(Records drawn from a dataset)
•••

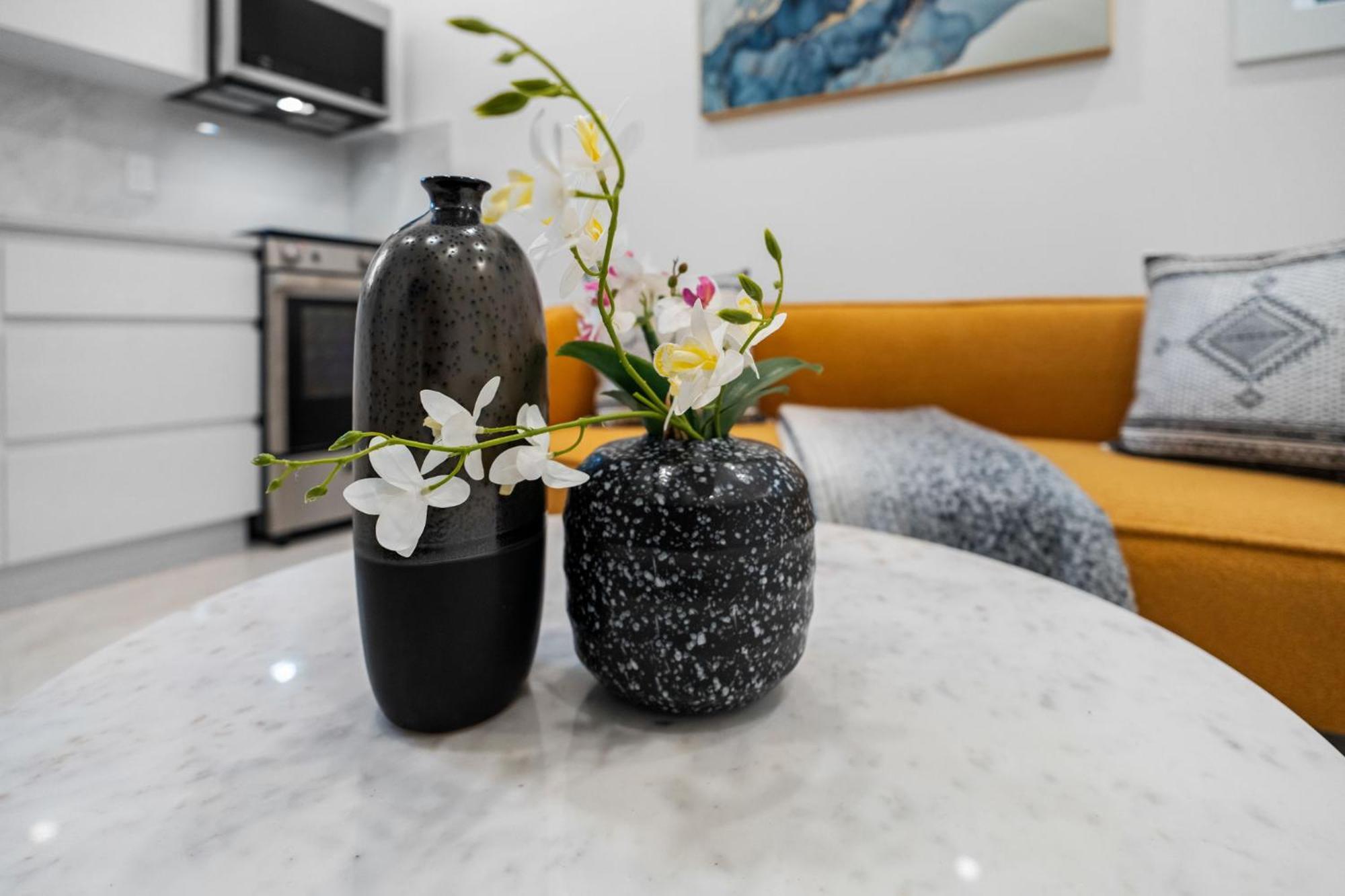 Brand New 2 Bedroom Point Grey Getaway Ванкувер Экстерьер фото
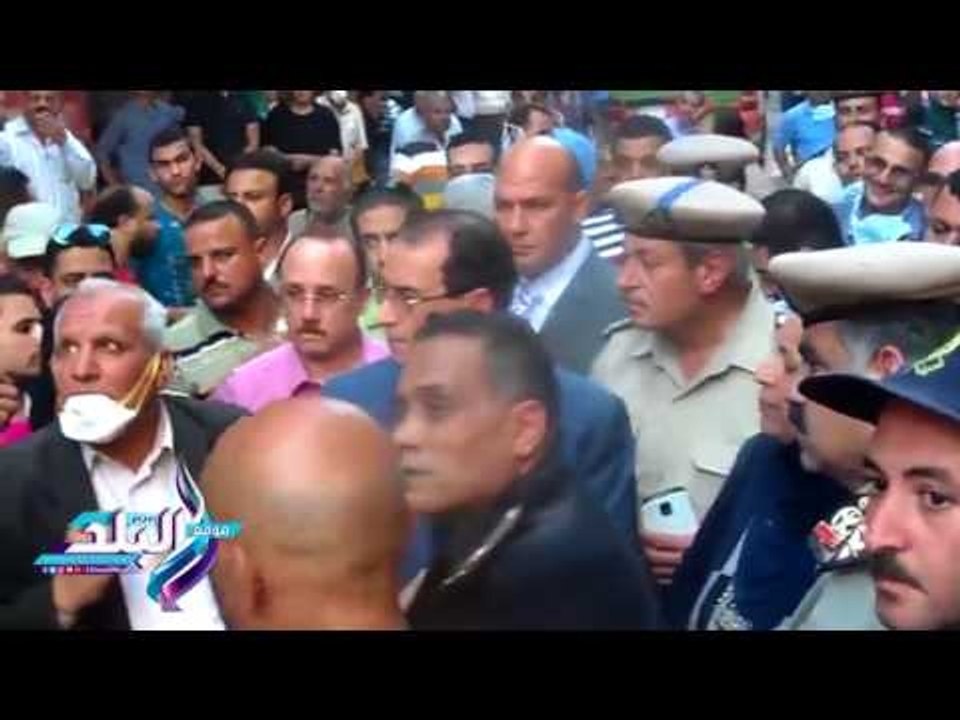 صدى البلد | محافظ الدقهلية يتفقد موقع حادث انهيار عقار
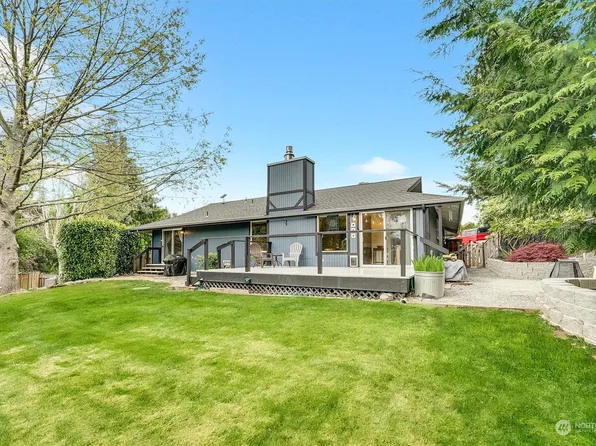 25713 78th Court SW, Vashon, WA 98070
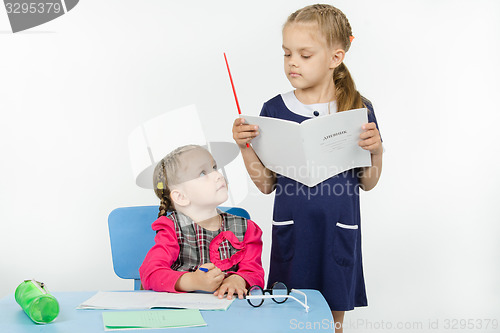 Image of The teacher looks at the student diary assessment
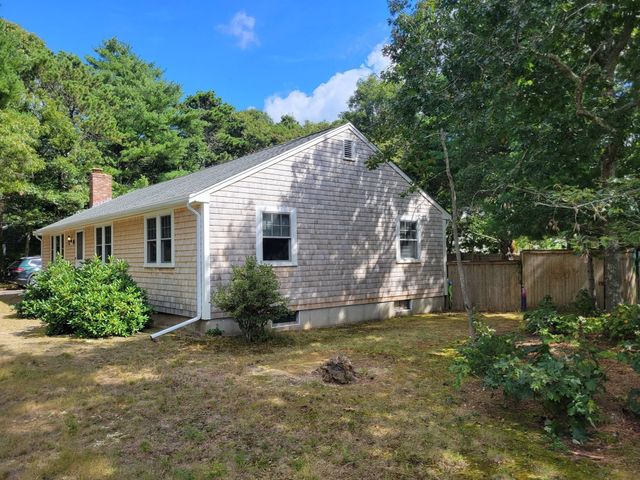 8 Westbury Way, Barnstable, MA 02635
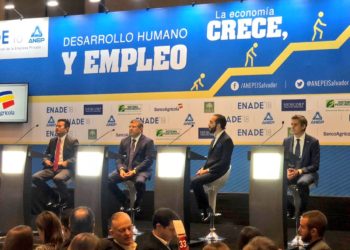 Candidatos presidenciales exponen sus propuestas en el ENADE 2018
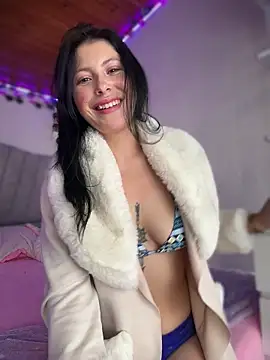 Snapshot of Mia_salinass chatting on 04/04/26, 07:22 Mia salinass online show from 04/04/26, 07:22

•••

=== The problem ===
Write out the data above exactly as it appears, but without any image.

=== Answer to this task ===
 Brand New 2 Bedroom Point Grey Getaway Ванкувер Экстерьер фото
 صدى البلد | محافظ الدقهلية يتفقد موقع حادث انهيار عقار
 25713 78th Court SW, Vashon, WA 98070
 Image of The teacher looks at the student diary assessment
 8 Westbury Way, Barnstable, MA 02635
 Candidatos presidenciales exponen sus propuestas en el ENADE 2018
 Snapshot of Mia_salinass chatting on 04/04/26, 07:22 Mia salinass online show from 04/04/26, 07:22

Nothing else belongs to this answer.